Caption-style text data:
.....
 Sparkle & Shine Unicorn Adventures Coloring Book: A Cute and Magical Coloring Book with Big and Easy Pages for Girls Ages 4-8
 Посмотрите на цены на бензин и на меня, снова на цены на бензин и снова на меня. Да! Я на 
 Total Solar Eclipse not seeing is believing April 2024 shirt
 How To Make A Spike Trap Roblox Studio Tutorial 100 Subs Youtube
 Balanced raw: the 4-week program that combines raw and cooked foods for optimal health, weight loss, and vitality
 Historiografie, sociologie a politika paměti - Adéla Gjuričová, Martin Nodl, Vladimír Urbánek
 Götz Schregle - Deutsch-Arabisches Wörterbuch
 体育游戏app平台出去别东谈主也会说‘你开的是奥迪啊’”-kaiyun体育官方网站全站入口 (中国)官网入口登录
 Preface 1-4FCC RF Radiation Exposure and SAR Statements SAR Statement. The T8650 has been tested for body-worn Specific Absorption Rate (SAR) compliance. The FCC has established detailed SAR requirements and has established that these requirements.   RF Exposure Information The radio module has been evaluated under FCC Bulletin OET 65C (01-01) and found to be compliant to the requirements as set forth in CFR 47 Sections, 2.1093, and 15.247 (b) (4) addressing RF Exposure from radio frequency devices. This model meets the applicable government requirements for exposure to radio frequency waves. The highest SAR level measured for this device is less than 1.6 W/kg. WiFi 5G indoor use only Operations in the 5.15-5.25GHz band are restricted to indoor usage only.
.....
▸ Work order
Output the data above exactly, please, line for line.

▸ Exercise response
 Sparkle & Shine Unicorn Adventures Coloring Book: A Cute and Magical Coloring Book with Big and Easy Pages for Girls Ages 4-8
 Посмотрите на цены на бензин и на меня, снова на цены на бензин и снова на меня. Да! Я на 
 Total Solar Eclipse not seeing is believing April 2024 shirt
 How To Make A Spike Trap Roblox Studio Tutorial 100 Subs Youtube
 Balanced raw: the 4-week program that combines raw and cooked foods for optimal health, weight loss, and vitality
 Historiografie, sociologie a politika paměti - Adéla Gjuričová, Martin Nodl, Vladimír Urbánek
 Götz Schregle - Deutsch-Arabisches Wörterbuch
 体育游戏app平台出去别东谈主也会说‘你开的是奥迪啊’”-kaiyun体育官方网站全站入口 (中国)官网入口登录
 Preface 1-4FCC RF Radiation Exposure and SAR Statements SAR Statement. The T8650 has been tested for body-worn Specific Absorption Rate (SAR) compliance. The FCC has established detailed SAR requirements and has established that these requirements.   RF Exposure Information The radio module has been evaluated under FCC Bulletin OET 65C (01-01) and found to be compliant to the requirements as set forth in CFR 47 Sections, 2.1093, and 15.247 (b) (4) addressing RF Exposure from radio frequency devices. This model meets the applicable government requirements for exposure to radio frequency waves. The highest SAR level measured for this device is less than 1.6 W/kg. WiFi 5G indoor use only Operations in the 5.15-5.25GHz band are restricted to indoor usage only.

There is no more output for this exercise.